Was nach ihrem Studium wird, fragt sich zur Zeit Ulrike Ziebuhr. Sie steht mit ihren fünf Semestern kurz vor der Abschlußarbeit, und damit ist jetzt die Zeit der Bewerbungen angebrochen. Ergebnis bisher: Fehlanzeige. Die 41jährige hatte damals ihr Lehramtsstudium nach dem ersten Staatsexamen abgebrochen und blieb wegen ihrer zwei Kinder zehn Jahre lang zu Hause. Als sie sich vor kurzem auf die Stelle der Gleichstellungsbeauftragten in einer Nachbarstadt bewarb, hatte sie gegen die 46 Mit-Kandidatinnen keine Chance. „Es ist schon ein Problem, jetzt beruflich Fuß zu fassen, weil mir ja jede berufliche Praxis fehlt.“
Damit ist die zukünftige ‚Referentin für Frauenfragen‘ aber eher eine Ausnahme unter ihren Kommilitoninnen, deren Chancen auf einen Job teilweise – wenn auch nicht immer – besser stehen oder die ihr Frauenstudium von vornherein berufsbegleitend absolvieren. Oder die sich, wie Schulamtsleiterin Edeltraud Paetsch, beurlauben ließen. Oder die auf den Geschmack gekommen sind und noch ein „richtiges“ Studium anhängen.
Maria weiß nur, daß sie „aus dieser verdammten Abhängigkeit von meinem Mann raus will.“ Heute abend muß sie auf alle Fälle ihr Referat über die ‚Einführung ins wissenschaftliche Arbeiten‘ vorbereiten.
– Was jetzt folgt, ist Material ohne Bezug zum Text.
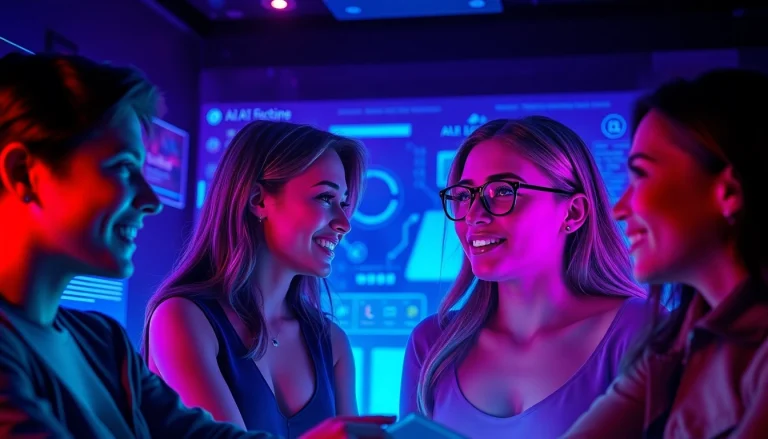 Engaging AI porn chat scene with diverse avatars and a neon-lit virtual background.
Das muß sie morgen vor 120 Leuten halten und hat deshalb etwas Grummeln im Bauch.
Ingrid weiß schon ziemlich genau, was sie später mit ihrem Frauen-Zertifikat machen will: in einer Beratungsstelle arbeiten und „Frauen bei der Scheidung helfen“. Sie hat es auch eilig, weil sie heute abend noch weiter lernt – in ihrem Selbstverteidigungskurs.